Tuesday, August 25, 2009

A blast that shook the world.

On August 26th, 1883, a small island in the Sunda Strait between Java and Sumatra blew up. The explosion was heard up to 5,000 kilometers away and the dust from the eruption affected sunsets in far away New England. Not long ago I read and reviewed a fantastic book about this event. Here is the review.

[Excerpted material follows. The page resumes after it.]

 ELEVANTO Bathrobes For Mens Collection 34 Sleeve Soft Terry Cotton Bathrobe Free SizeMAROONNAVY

The Day the World Exploded: The Earthshaking Catastrophe at Krakatoa

Simon Winchester

Adaptation by Dwight Jon Zimmerman


Ages 12 and up

HarperCollins, 2007, 978-0-06-123982-3

When the volcano on the island of Krakatoa blew itself apart on August 26th, 1883, it had a global effect. Not only was the world’s climate affected for months to come, and not only did thousands of people die, but for the first time in human history a catastrophic event was no longer a local happening. Thanks to the telegraph machine, within hours of the eruptions people in the Netherlands knew what had occurred. Scientists and others were able to make the connection between the events in the Sunda Strait and the strange sunsets that were being seen all over the world. People who owned barographs - instruments that measure atmospheric pressure – were able to figure out that a shock wave from the eruption and gone around the world no less than seven times. The explosion on the tiny little non-descript island had brought the people of the world together and the world quite suddenly seemed to become a much smaller place.

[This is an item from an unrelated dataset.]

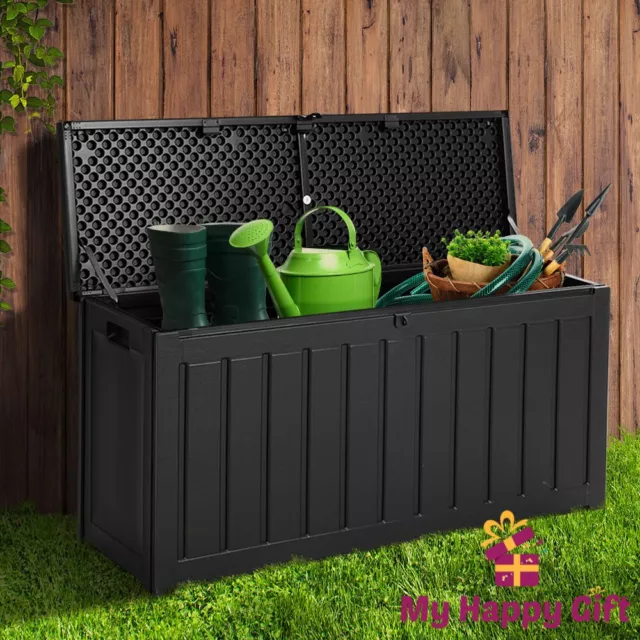 Gardeon 240L Outdoor Storage Box Lockable Bench Seat Garden Deck Toy Tool Sheds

Scientists have now figured out that Krakatoa had a long history of violent eruptions. The explosion which took place in 1888 was not an isolated event and the people in the area had plenty of warnings that something big was going to happen. Indeed weeks before the big eruption tourists from the town of Batavia (Jakarta) went to take a look at the smoking mountain, and some foolhardy souls even climbed the main cone to look into the crater.

After the 1888 eruption was over, all was quiet in that area for a while. And then, in 1927, volcanic activity began anew. By 1930 a small island that was half a mile long and twenty feet high could be seen. This island was named Anak Krakatau (son of Krakatau) and by 2000 it had grown to the height of 1,500 feet above sea level. The island is still growing and it is active on a regular basis.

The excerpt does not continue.